ETFs also are more tax efficient than index mutual funds, because they don't need to sell underlying individual stocks and incur possible capital gains the way index mutual funds do when investors seek to sell shares. ETFs are structured so that sellers go to the stock market and find buyers for the ETF shares, without the need for the ETF manager to sell underlying stocks at possible capital gain. (ETFs may spin off taxable gains just like index mutual funds, however, whenever the underlying index changes and a stock must be sold.)

The investment can work for both buy-and-hold types and traders, for both large and small investors. If you're a small buy-and-hold investor and don't have the usual $3,000 minimum to open an index mutual fund account, you could start by buying 10 shares of Vanguard's Total Stock Market Vipers, trading at about $85 a share. You could go through a discount brokerage and usually pay as little as $10 to $30 for the trade.
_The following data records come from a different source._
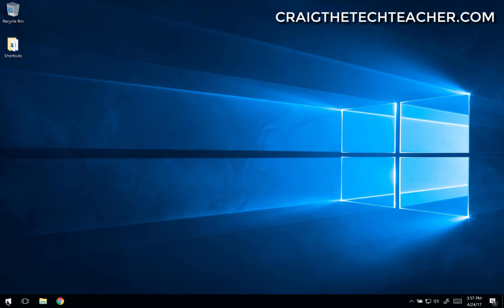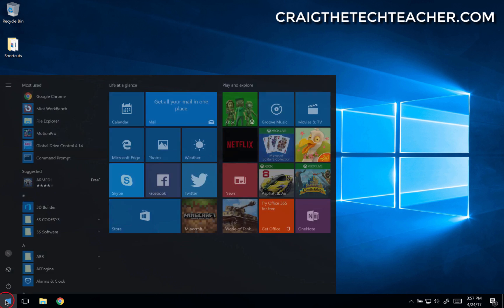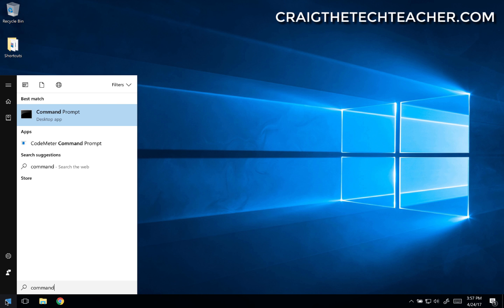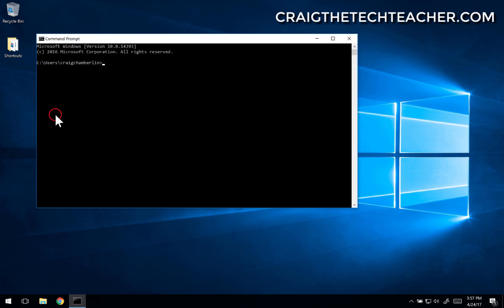So all you need to do is open up your start menu, type in command, and actually for this, you don't even have to run as an administrator. Just go ahead and select command prompt.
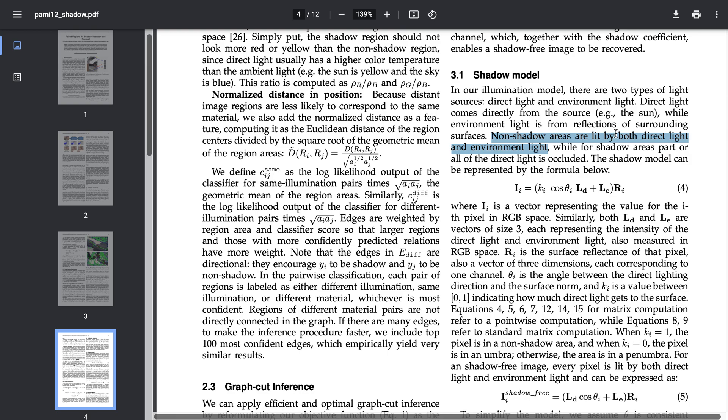The shadow region only has the environment light. Shadow region is only getting light which is being reflected by the surrounding surfaces. Then we are considering here shadow intensity.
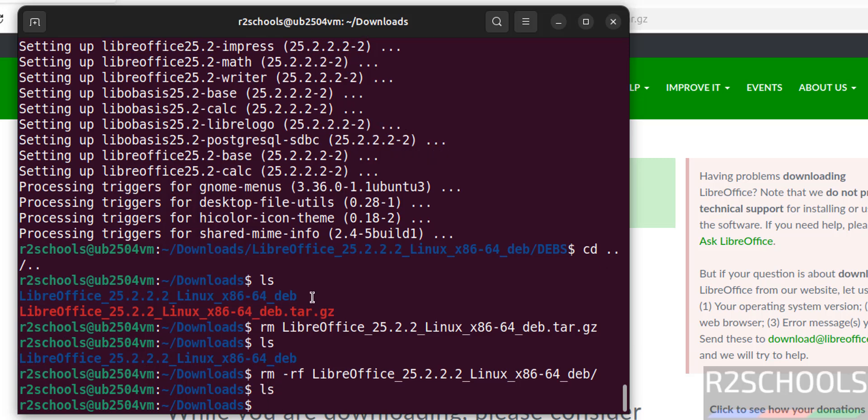So in this video we have seen how to download and install LibreOffice 25.2 on Ubuntu 25.04, but the process is the same on all Ubuntu operating systems. For more tutorials, please subscribe my channel. Thank you.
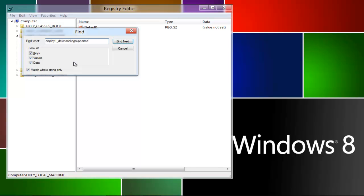So the next thing you're going to do is type this in right here: Display1_downscaling_supported. Pause the video if you'd like to type that in while I wait. Alright, okay, so you have that typed in. You want to check this right here, Match whole string only. Have all these checked too, and then press find next.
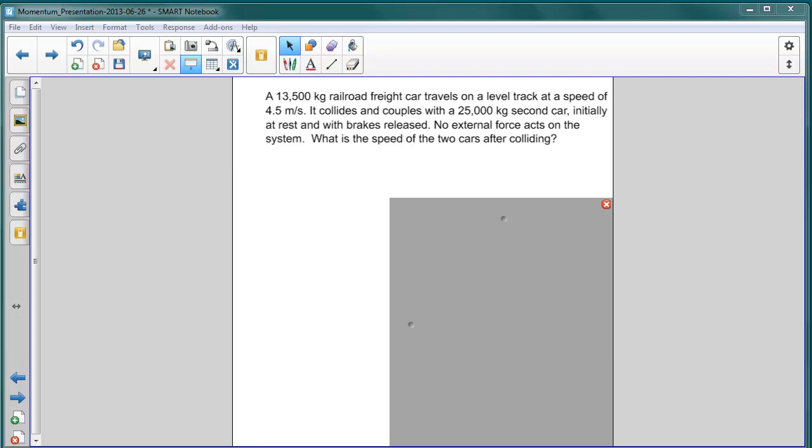Our first problem with inelastic collisions involves rail cars again. In this case, a 13,500 kilogram rail car travels on a level track at a speed of 4.5 meters per second.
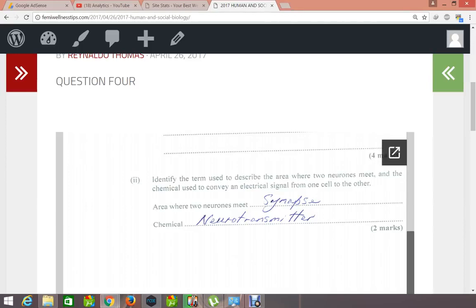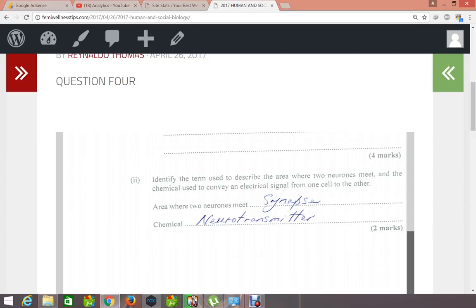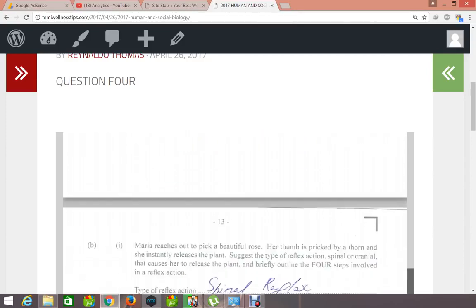The next question asks you to identify the term used to describe the area where two neurons meet, and the chemical used to convey an electrical signal from one cell to the other. Neurons are normally lined up one in front of the other, and there is a small space between any two neurons — that space is called the synapse. Within that synapse there is normally a chemical, which is known as the neurotransmitter. Information leaves the first neuron, goes into the neurotransmitter, and then travels up to the next neuron in line.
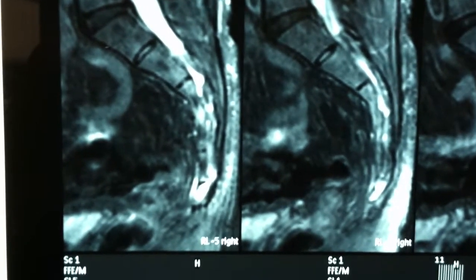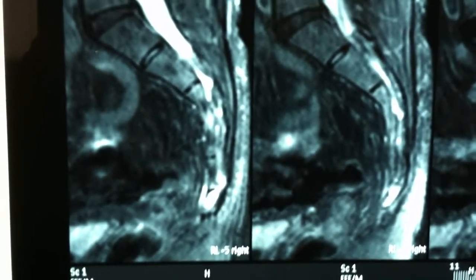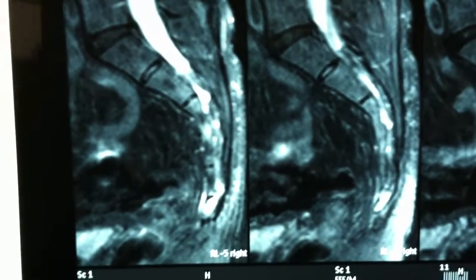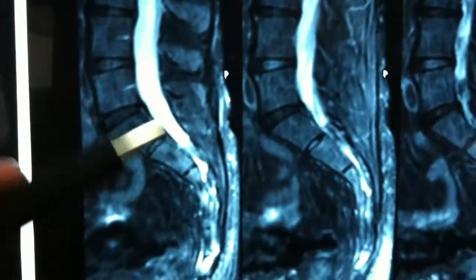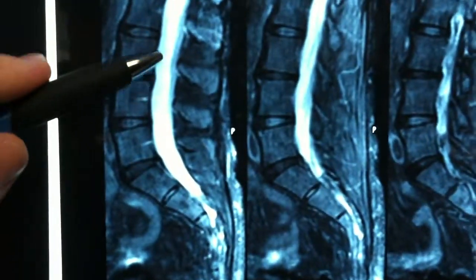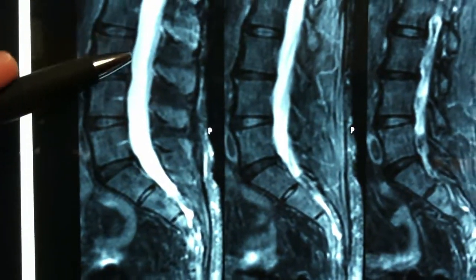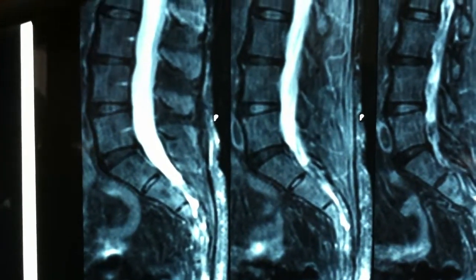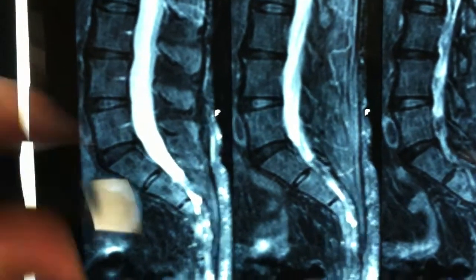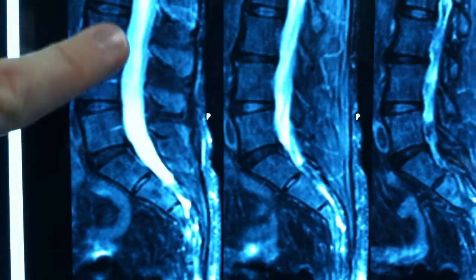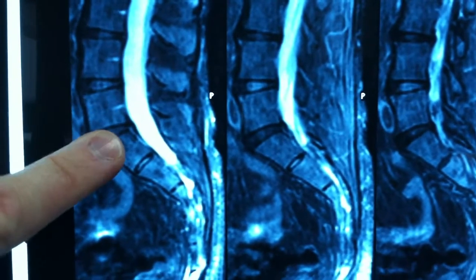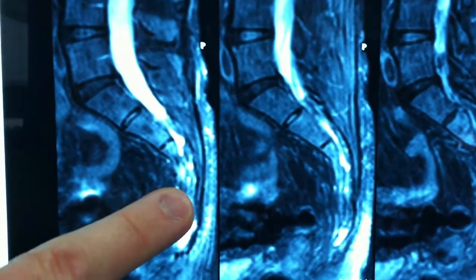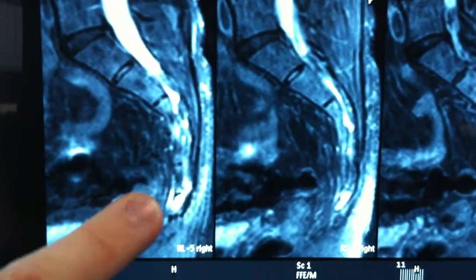This is just a short video showing a coccyx fracture. Here we see the lumbar spine — this is on an MRI study. The lumbar spine is up in this area, and the sacrum is here.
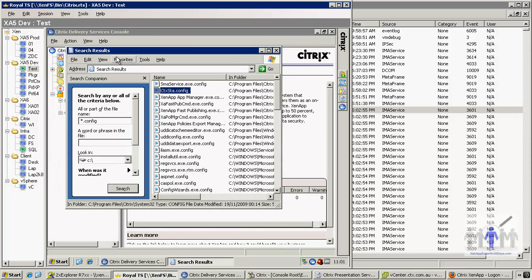All right, so you've cloned it, it's come back up. Of course now it's still in the dummy farm.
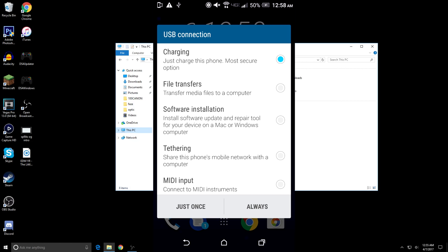I'm going to pick file transfers. Yours may not look like this, but pick the one that says file transfers or transfer media files to a computer—that's the one you want.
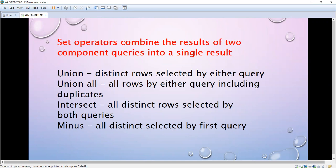UNION means distinct rows selected by either query — it filters out duplicates. UNION ALL means it selects all rows from either query including duplicates. INTERSECT means all distinct rows selected by both queries. I will explain all these in a separate video — the link will be in the description, or you can subscribe to my channel and find the video where I explain UNION, ALL, INTERSECT, and MINUS in detail.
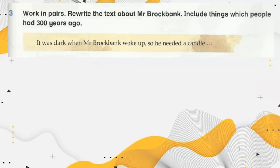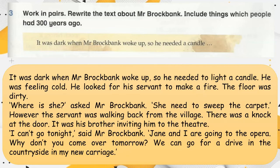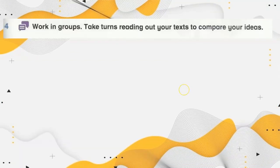Look in the past — rewrite the text about Mr. Brokbank. It was dark when Mr. Brokbank woke up, so he needed light to light a candle. He was feeling cold and looked for his servant to make a fire. The floor was dirty. 'Where is she?' asked Mr. Brokbank. 'She needs to sweep the carpet.' However, the servant was walking back from the village. There was a knock at the door — it was his brother, inviting him to the theater. 'I can't go tonight,' said Mr. Brokbank. 'Jin and I are going to the opera. Why don't you come over tomorrow? We can go for a drive in the countryside in my new carriage.' Work in groups and take turns reading out your text to compare your ideas.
But it can get expensive for the little guy when he tries to implement a dollar-cost averaging program of buying a small set- dollar amount in an ETF on a regular basis. Usually, such a dollar- cost averaging program directly through a no-load mutual fund is free, presuming you've met the minimum dollar amount to open an account. Trying to do that through an ETF means you'd have to pay a transaction cost every time you bought the set amount. So if you're investing only $100 a month, it can be too expensive to pay $10 to $30 per trade.

Williams, the Michigan art director, is a small buy-and-hold investor and has figured out a way that works for him. He's investing $320 a month in a variety of ETFs, paying $12 a month through an online brokerage called Share

While that amounts to 3.75 percent of the amount he's investing, Williams says he doesn't mind. "I could squirt that away in late fees at the video store."